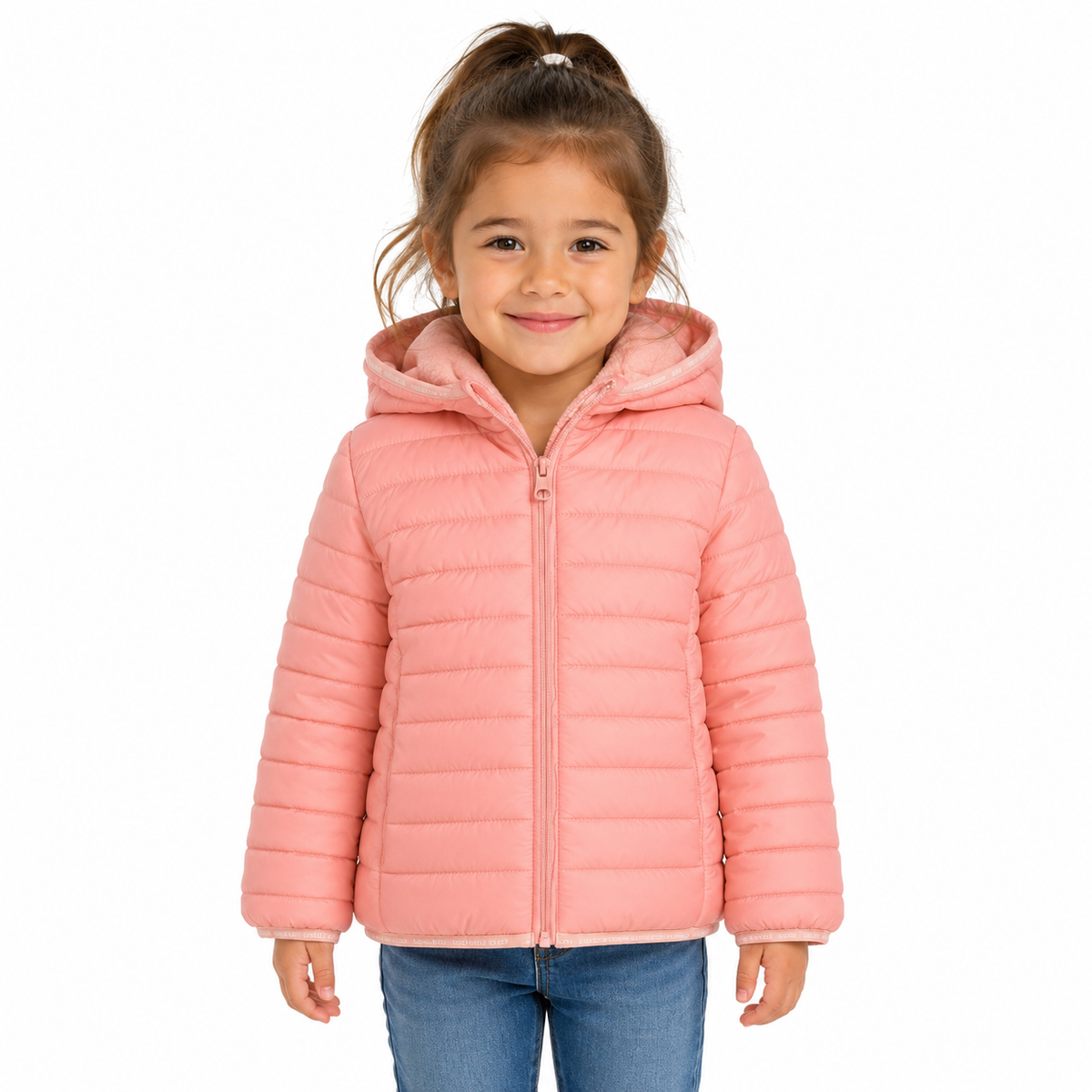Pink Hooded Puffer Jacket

--------------------

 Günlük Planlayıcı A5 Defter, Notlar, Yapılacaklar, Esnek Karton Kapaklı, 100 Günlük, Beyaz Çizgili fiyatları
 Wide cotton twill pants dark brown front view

--------------------

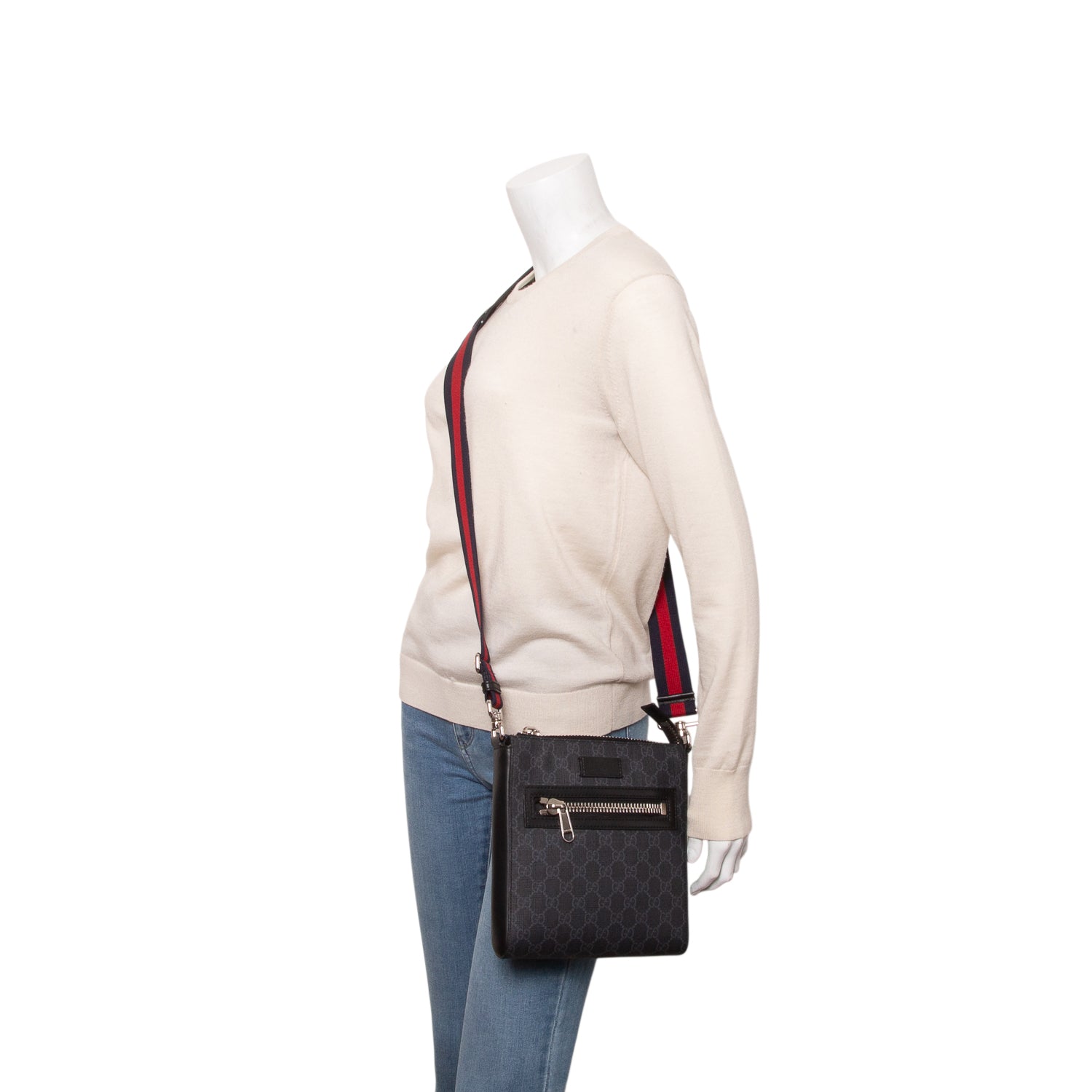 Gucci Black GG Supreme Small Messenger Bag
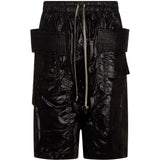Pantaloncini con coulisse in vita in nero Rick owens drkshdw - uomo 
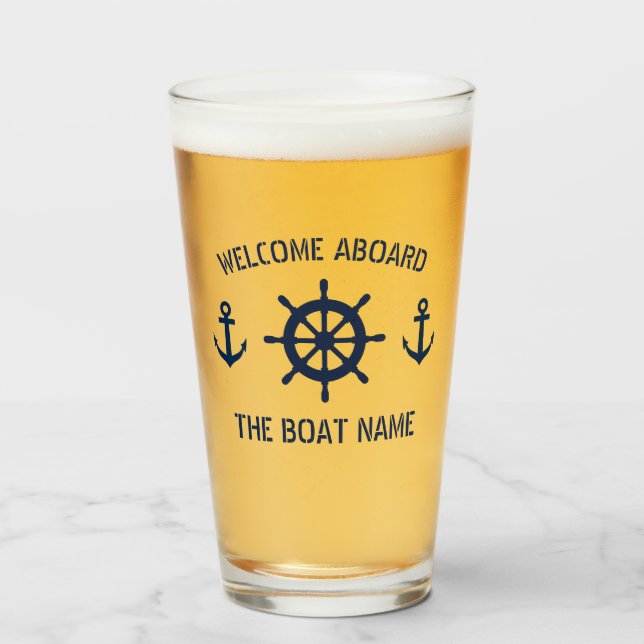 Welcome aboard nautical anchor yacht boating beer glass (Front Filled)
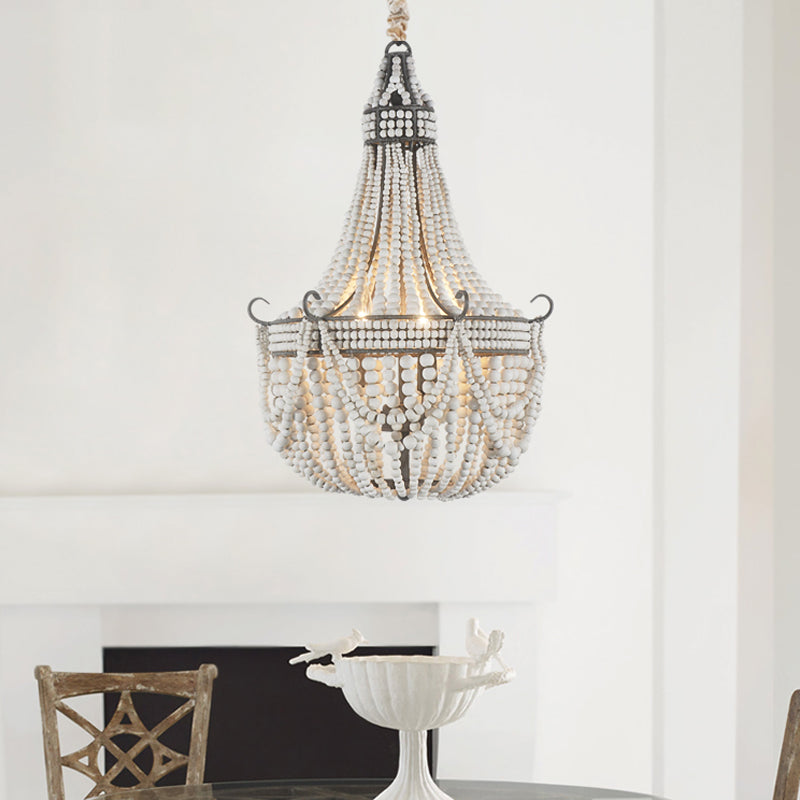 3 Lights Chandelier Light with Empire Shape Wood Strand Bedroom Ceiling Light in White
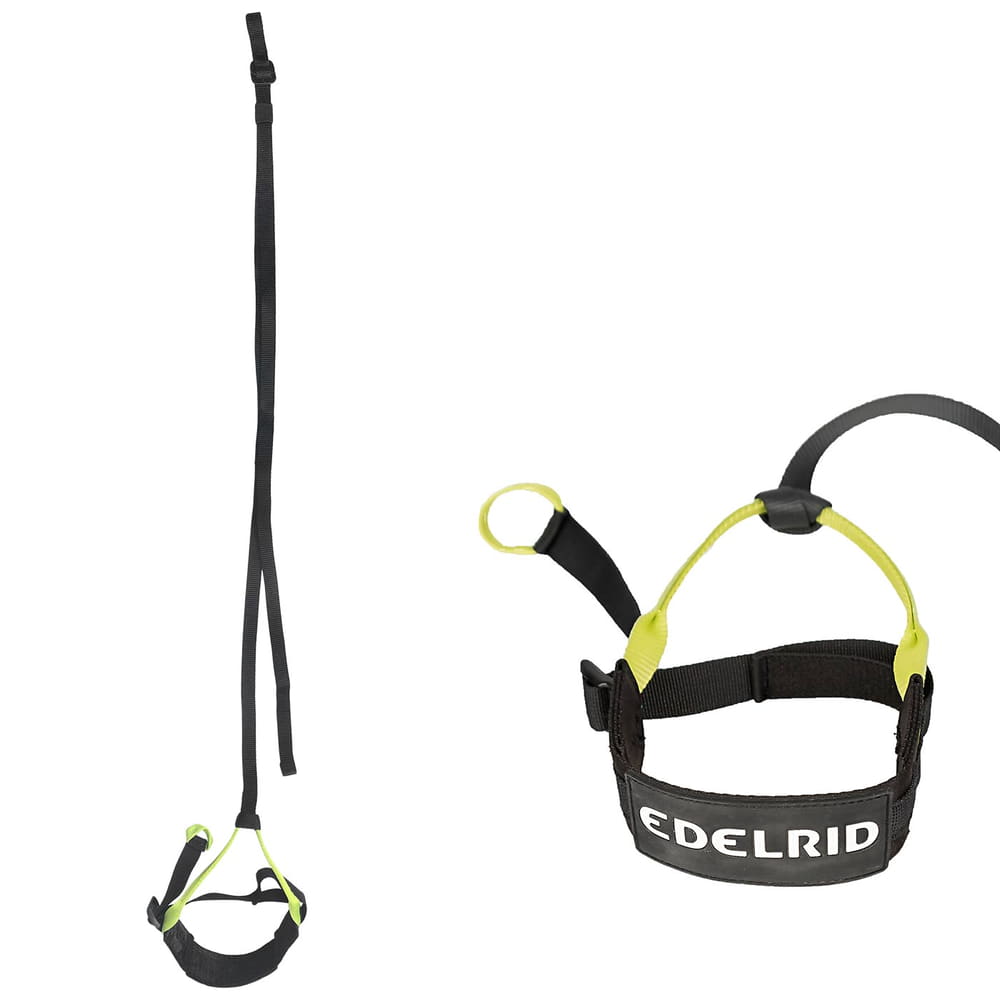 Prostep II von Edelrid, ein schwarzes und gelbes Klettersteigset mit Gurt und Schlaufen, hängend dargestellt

--------------------

### [Aim of the task]
Repeat exactly, and only, the entries from the line with "Pantaloncini con coulisse" through the line with "Prostep II von". Pictures are skipped.

### [Exercise solution]
Pantaloncini con coulisse in vita in nero Rick owens drkshdw - uomo 
 Welcome aboard nautical anchor yacht boating beer glass (Front Filled)
 3 Lights Chandelier Light with Empire Shape Wood Strand Bedroom Ceiling Light in White
 Prostep II von Edelrid, ein schwarzes und gelbes Klettersteigset mit Gurt und Schlaufen, hängend dargestellt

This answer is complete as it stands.